The heat also makes water important, both in the design and maintenance of the garden. Irrigation may be required, and may be provided via a form of tunnel called a qanat, that transports water from a local aquifer. Well-like structures then connect to the qanat, enabling the drawing of water. Alternatively, an animal-driven Persian well would draw water to the surface. Such wheel systems also moved water around surface water systems, such as those in the chahar bāgh style. Trees were often planted in a ditch called a juy, which prevented water evaporation and allowed the water quick access to the tree roots.

The Persian style often attempts to integrate indoors with outdoors through the connection of a surrounding garden with an inner courtyard. Designers often place architectural elements such as vaulted arches between the outer and interior areas to open up the divide between them.

Descriptions

An early description (from the first half of the fourth century BCE) of a Persian garden is found in Xenophon's Oeconomicus in which he has Socrates relate the story of the Spartan general Lysander's visit to the Persian prince Cyrus the Younger, who shows the Greek his "paradise at Sardis". In this story Lysander is "astonished at the beauty of the trees within, all planted at equal intervals, the long straight rows of waving branches, the perfect regularity, the rectangular  symmetry of the whole, and the many sweet scents which hung about them as they paced the park"

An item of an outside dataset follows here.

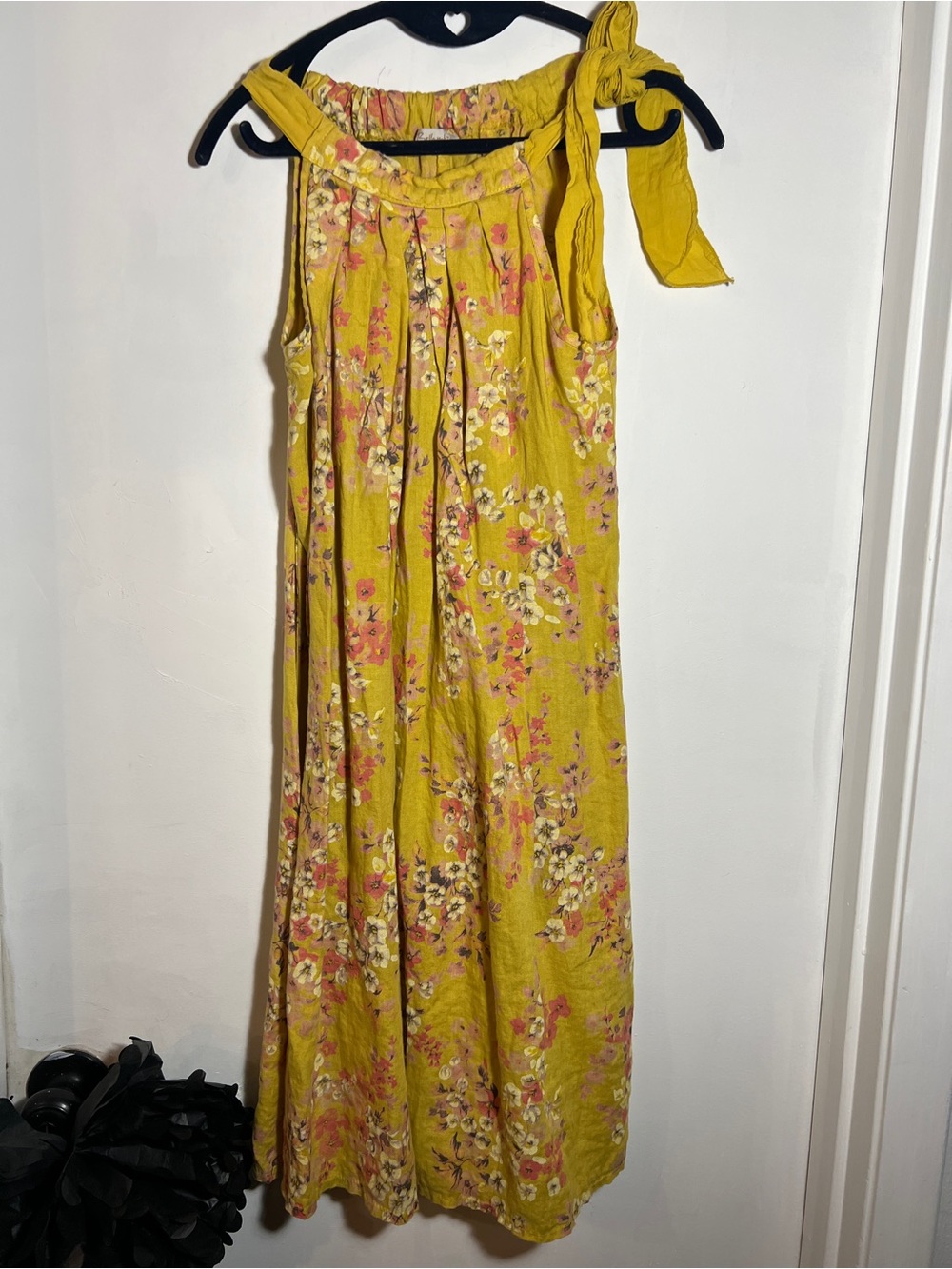 Bellambra Linen Dress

The oldest representational descriptions and illustrations of Persian gardens come from travelers who reached Iran from the west. These accounts include Ibn Battuta in the fourteenth century, Ruy González de Clavijo in the fifteenth century and Engelbert Kaempfer in the seventeenth century. Battuta and Clavijo made only passing references to gardens and did not describe their design, but Kaempfer made careful drawings and converted them into detailed engravings after his return to Europe. They show charbagh-type gardens that featured an enclosing wall, rectangular pools, an internal network of canals, garden pavilions and lush planting. There are surviving examples of this garden type at Yazd (Dowlatabad) and at Kashan (Fin Garden). The location of the gardens Kaempfer illustrated in Isfahan can be identified.

Styles
The six primary styles of the Persian garden may be seen in the following table, which puts them in the context of their function and style. Gardens are not limited to a particular style, but often integrate different styles, or have areas with different functions and styles.

Hayāt

Publicly, it is a classical Persian layout with heavy emphasis on aesthetics over function. Man-made structures in the garden are particularly important, with arches and pools (which may be used to bathe). The ground is often covered in gravel flagged with stone. Plantings are typically very simple - such as a line of trees, which also provide shade.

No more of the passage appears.